假设我正在 Jupyter/Ipython notebook 中进行更大的数据分析,并完成了大量耗时的计算。然后,出于某种原因,我不得不关闭 jupyter 本地服务器 I,但我想稍后返回进行分析,而不必再次进行所有耗时的计算。
What I would likelove to do is pickle
or store the whole Jupyter session (all pandas dataframes, np.arrays, variables, ...) so I can safely shut down the server knowing I can return to my session in exactly the same state as before.
我想什么想爱做的是pickle
或存储整个Jupyter会话(所有大熊猫dataframes,np.arrays,变量,...),所以我可以放心地关闭服务器知道我可以在完全相同的状态返回到我的会话前。
Is it even technically possible? Is there a built-in functionality I overlooked?
它甚至在技术上可能吗?是否有我忽略的内置功能?
EDIT:based on thisanswer there is a %store
magicwhich should be "lightweight pickle". However you have to store the variables manually like so:
编辑:基于这个答案,有一种%store
魔法应该是“轻量级泡菜”。但是,您必须像这样手动存储变量:
#inside a ipython/nb session
foo = "A dummy string"
%store foo
closing seesion, restarting kernel%store -r foo
# r for refreshprint(foo) # "A dummy string"
#inside a ipython/nb session
foo = "A dummy string"
%store foo
关闭%store -r foo
查看,重新启动内核# r 进行刷新print(foo) # "A dummy string"
which is fairly close to what I would want, but having to do it manually and being unable to distinguish between different sessions makes it less useful.
这与我想要的非常接近,但是必须手动完成并且无法区分不同的会话使其不太有用。
采纳答案by MetalloyD
回答by Anh Huynh
(I'd rather comment than offer this as an actual answer, but I need more reputation to comment.)
(我宁愿发表评论也不愿将其作为实际答案提供,但我需要更多声誉才能发表评论。)
You can store most data-like variables in a systematic way. What I usually do is store all dataframes, arrays, etc. in pandas.HDFStore. At the beginning of the notebook, declare
您可以系统地存储大多数类似数据的变量。我通常做的是将所有数据帧、数组等存储在pandas.HDFStore 中。在笔记本的开头,声明
backup = pd.HDFStore('backup.h5')
and then store any new variables as you produce them
然后在生成它们时存储任何新变量
backup['var1'] = var1
At the end, probably a good idea to do
最后,可能是一个好主意
backup.close()
before turning off the server. The next time you want to continue with the notebook:
在关闭服务器之前。下次要继续使用笔记本时:
backup = pd.HDFStore('backup.h5')
var1 = backup['var1']
Truth be told, I'd prefer built-in functionality in ipython notebook, too. You can't save everything this way (e.g. objects, connections), and it's hard to keep the notebook organized with so much boilerplate codes.
说实话,我也更喜欢 ipython notebook 中的内置功能。您无法以这种方式保存所有内容(例如对象、连接),并且很难用如此多的样板代码保持笔记本的井井有条。
回答by Vasco
This question is related to: How to cache in IPython Notebook?
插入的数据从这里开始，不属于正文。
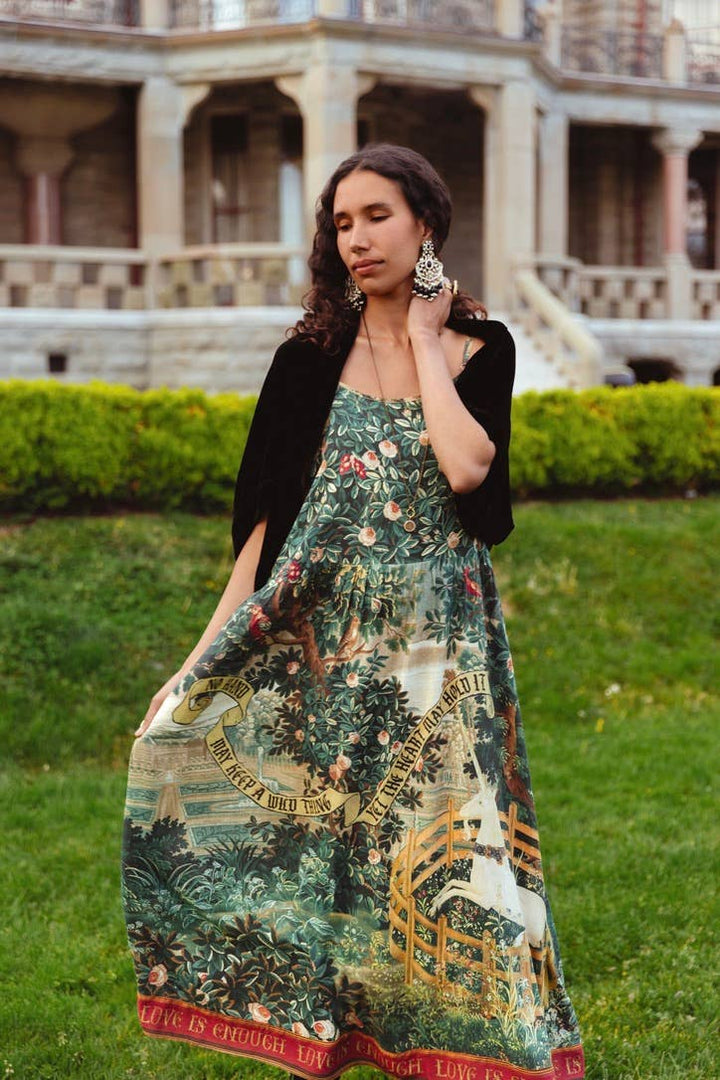 Wildheart Bohéme Long Maxi Slip Dress w/ Unicorn & Castle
这个问题与:如何在 IPython Notebook 中缓存?
To save the results of individual cells, the caching magiccomes in handy.
为了保存单个单元格的结果,缓存魔法就派上用场了。
%%cache longcalc.pkl var1 var2 var3
var1 = longcalculation()
....
When rerunning the notebook, the contents of this cell is loaded from the cache.
重新运行笔记本时,此单元格的内容将从缓存中加载。
This is not exactly answering your question, but it might be enough to when the results of all the lengthy calculations are recovered fast. This in combination of hitting the run-all button on top of the notebook is for me a workable solution.
这并不能完全回答您的问题,但是当所有冗长计算的结果快速恢复时可能就足够了。这与点击笔记本顶部的全部运行按钮相结合,对我来说是一个可行的解决方案。
The cache magic cannot save the state of a whole notebook yet. To my knowledge there is no other system yet to resume a "notebook". This would require to save all the history of the python kernel. After loading the notebook, and connecting to a kernel, this information should be loaded.
缓存魔法救不了整个笔记本的状态还没有。据我所知,还没有其他系统可以恢复“笔记本”。这将需要保存 python 内核的所有历史记录。加载笔记本并连接到内核后,应加载此信息。